Defense Lawyers Call For Mistrial After Ahmaud Arbery's Mom Sobs In Court–But Judge Isn't Having It
Octavio Jones-Pool/Getty Images

The defense lawyers for William Bryan, Travis McMichael and Greg McMichael in the murder trial for the killing of Ahmaud Arbery filed for mistrial because Arbery's mother was crying in the courtroom.

During the trial, Judge Timothy Walmsley decided to adjourn the trial because he heard "weeping in the back" during witness testimony.

Kevin Gough, representing all three men, called for a mistrial before court could resume.

Defense lawyer Robert Rubin, one of Travis McMichael's attorneys, said he noticed "several jurors" saw Arbery's mom sob and joined the motion for mistrial.

Rubin claimed the jurors expressed "sympathy" for Arbery:

"These types of moments ... favor the state."

Defense attorney Franklin Hogue, representing Greg McMichael, also backed the motion.

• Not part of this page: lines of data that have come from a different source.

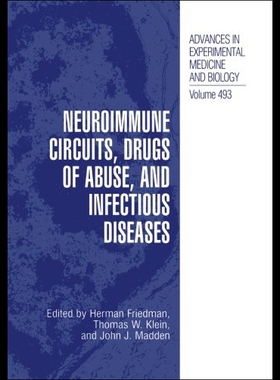 【预售】Neuroimmune Circuits, Drugs of Abuse, and Infecti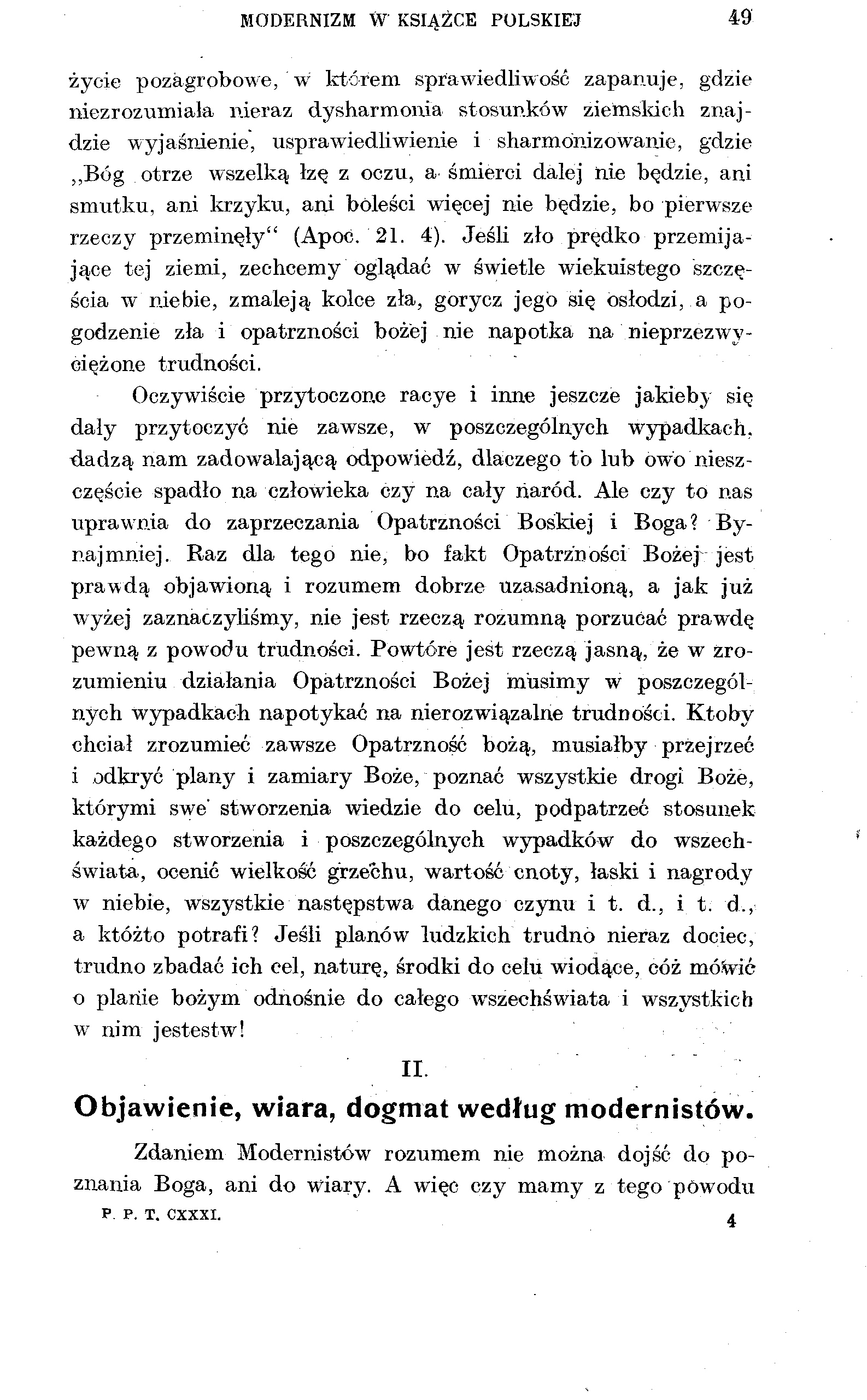 MODERNIZM W KSIĄŻCE POLSKIEJ 49 życie pozagrobowe, ' w którem sprawiedliwość zapanuje, gdzie niezrozumiała nieraz dysharmonia stosunków ziemskich znajdzie wyjaśnienie, usprawiedliwienie i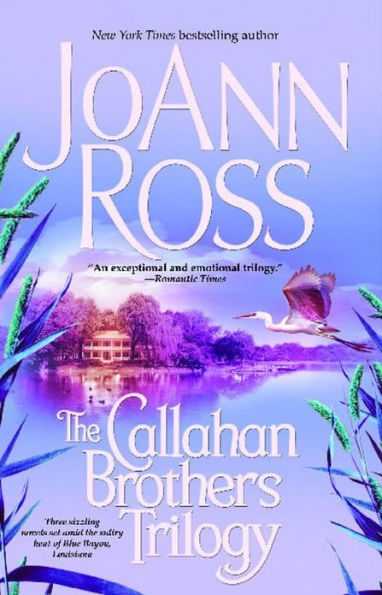 The Callahan Brothers Trilogy: Blue Bayou, River Road, Magnolia Moon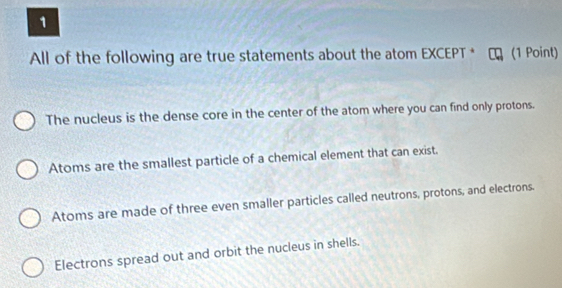 All of the following are true statements about the atom EXCEPT * (1 Point)
The nucleus is the dense core in the center of the atom where you can find only protons.
Atoms are the smallest particle of a chemical element that can exist.
Atoms are made of three even smaller particles called neutrons, protons, and electrons.
Electrons spread out and orbit the nucleus in shells.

Gough, who made headlines last week when he asked to limit Black pastors in the court room, again objected on Monday when he saw civil rights leader Reverend Jessie Jackson in the court's gallery.

He asked:

"How many pastors does the Arbery family have?"

He claimed the presence of Black ministers would influence the jury.

Walmsley already denied the lawyer's motion for a mistrial the first time.

Walmsley's response was the same this time around.

"At this point, I'm not exactly sure what you're doing."
"At this point, it's almost as if you're just trying to continue this for purposes other than just bringing it to the court's attention and I find that objectionable from the court's standpoint."

Walmsley shut down any further conversation with Gough:

"I'm done talking about this."

He affirmed there are measures taken to ensure the jurors are not influenced by anything outside of the court.

"I will say that is directly in response, Mr. Gough, to statements you made which I find reprehensible."

The judge said the court has been "balancing a lot of things" to "respect members of the public's rights" to attend the trial.

Walmsley added:

"You need to understand that your words in this courtroom have an impact on a lot of what's going on."
"And so my measured response at this point is to balance all of that out and try to move forward with the trial."

People are outraged with Gough's continual attempts to stop the judicial process.


@SamuraixEdge/Twitter; @fridaysjl/Twitter

Bryan and the McMichaels are facing felony charges of murder, aggravated assault and false imprisonment in the shooting death of Ahmaud Arbery in Glynn County, Georgia, in February 2020.